II. Problem Checklist
| Problem | How to Detect | Impact on ML Models |
|---|---|---|
| Skewness | df['feature'].skew() (>1 or <-1 is significant) |
Biases linear models, affects distance-based algorithms |
| Different Scales | Features range from 0-1 while others 0-10,000 | Dominates gradient descent, distance calculations |
| Non-Linearity | Scatter plot shows curve, not straight line | Poor fit for linear models |
| Non-Gaussian Distribution | Histogram doesn't look bell-shaped | Violates assumptions of many algorithms |
| Outliers | Box plots show extreme points | Skews scaling, affects model performance |
| Bounded Data | Values confined to [0,1] or percentages | May need specific scaling techniques |
III. Code to Check
★ Check skewness for all numerical features
skewness = df.select_dtypes(include=[np.number]).skew()

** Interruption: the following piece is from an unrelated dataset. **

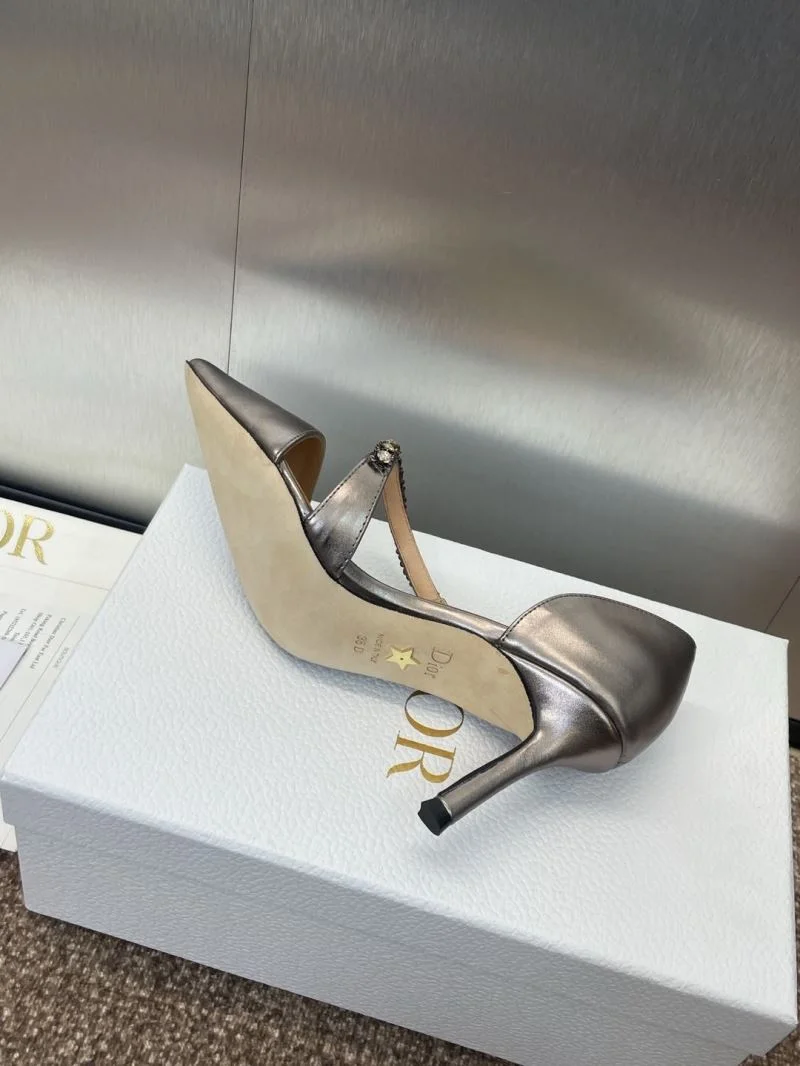 Christian Dior Sandals WrinkleFree 21993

print("Skewness:\n", skewness)
★ Check for non-linearity (correlation matrix)
print(df.corr())
★ Visualize relationships
sns.pairplot(df)
plt.show()
Step 4: Choose Transformation
I. Purpose
Select the appropriate transformation based on identified problems.
II. Decision Matrix
★ Distinguishing when to Use Each Transformation
This table clarifies the specific distinguishing cases for choosing the right transformation:
| Problem Identified | Transformation Options | When to Use Each |
|---|---|---|
| Right-Skewed Data | 1. LogTransformation 2. Square Root Transformation 3. Box-Cox |
Log: Exponential growth patterns (income, prices) Sqrt: Moderate skew Box-Cox: Automatic optimal transformation |
| Left-Skewed Data | 1. Reflect + Log 2. Square Transformation 3. Yeo-Johnson |
Reflect: Mirror data first Square: Mild left-skew Yeo-Johnson: Handles negatives |
| Non-Gaussian (Any Shape) | 1. Box-Cox 2. Yeo-Johnson 3. Quantile Transformer |
Box-Cox: Positive values only Yeo-Johnson: With negatives Quantile: Force specific distribution |
| Non-Linear Relationships | 1. Polynomial Transformation 2. LogTransformation 3. Exponential |
Polynomial: Captures curves Log: Exponential relationships Exp: Inverse of log |
| Probabilities/Proportions | 1. Logit Transformation | Converting probabilities to unbounded scale |
| Bounded Data (0-1) | 1. Logit Transformation 2. Probit |
Both expand bounded values |
| Extreme Outliers | 1. Winsorization 2. Clipping 3. RobustScaler |
Cap extreme values before other transformations |
★ Evaluating Each Transformation
As alternate method, We can iterate each transformer and see if it can be applied to our feature column(s)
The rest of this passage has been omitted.